Copy out all lines of the material below in which "steel" occurs.

*Dataset records*.
----------------------------------------

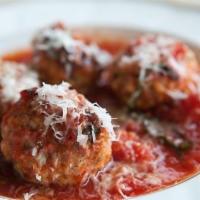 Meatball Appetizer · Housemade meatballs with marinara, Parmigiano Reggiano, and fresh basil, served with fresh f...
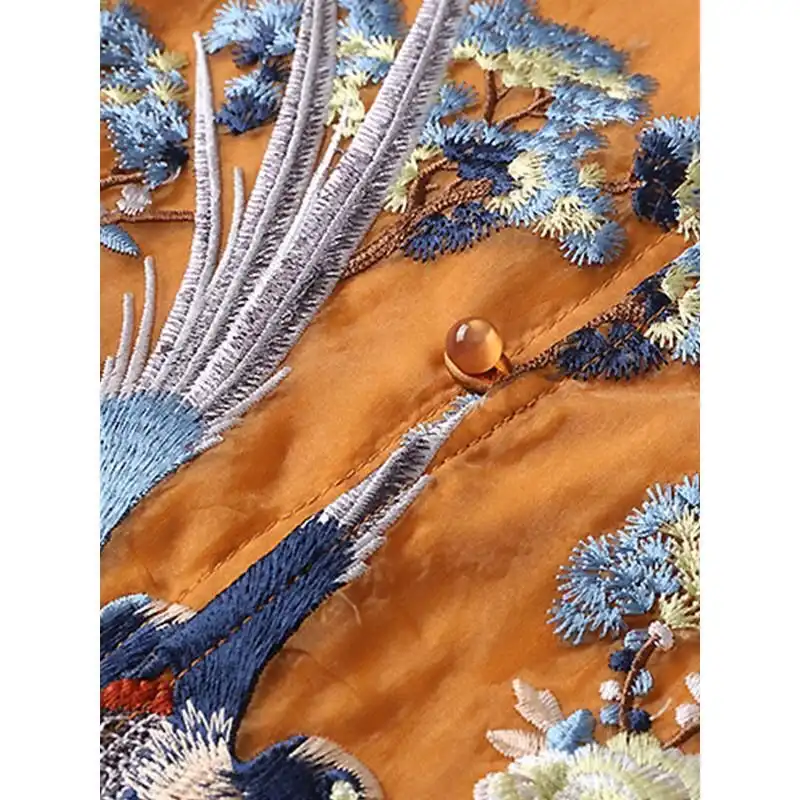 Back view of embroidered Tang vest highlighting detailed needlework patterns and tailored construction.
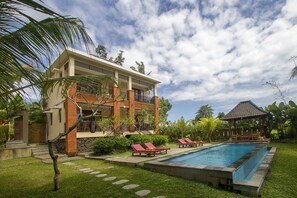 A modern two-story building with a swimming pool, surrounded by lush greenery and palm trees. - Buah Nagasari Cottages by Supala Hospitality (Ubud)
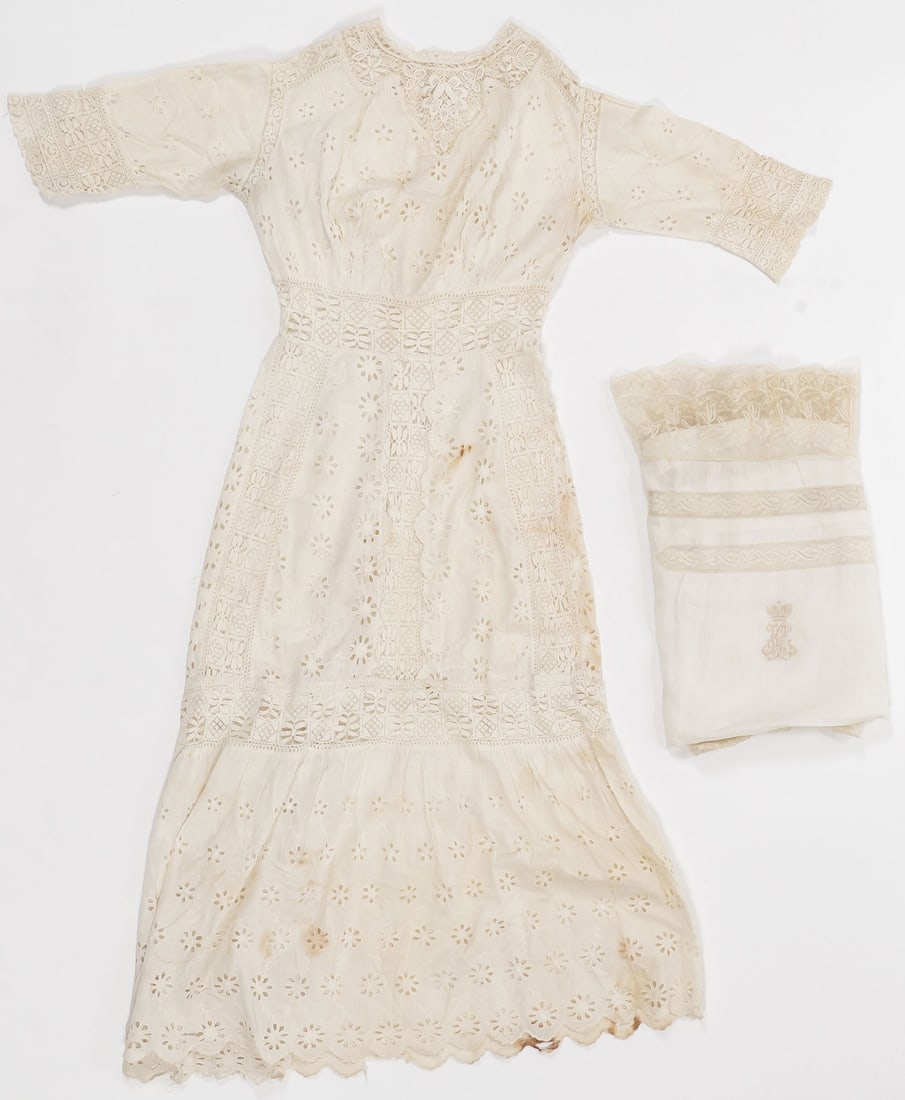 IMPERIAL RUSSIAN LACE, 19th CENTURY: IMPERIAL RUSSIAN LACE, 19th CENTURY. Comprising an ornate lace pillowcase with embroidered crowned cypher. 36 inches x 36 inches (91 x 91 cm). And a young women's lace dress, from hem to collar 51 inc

----------------------------------------

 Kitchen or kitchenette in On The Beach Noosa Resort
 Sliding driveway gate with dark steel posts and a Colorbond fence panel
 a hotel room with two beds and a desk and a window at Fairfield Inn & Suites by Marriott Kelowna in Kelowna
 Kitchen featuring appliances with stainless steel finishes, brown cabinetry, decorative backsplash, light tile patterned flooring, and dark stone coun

----------------------------------------

*Expected answer*.
 Sliding driveway gate with dark steel posts and a Colorbond fence panel
 Kitchen featuring appliances with stainless steel finishes, brown cabinetry, decorative backsplash, light tile patterned flooring, and dark stone coun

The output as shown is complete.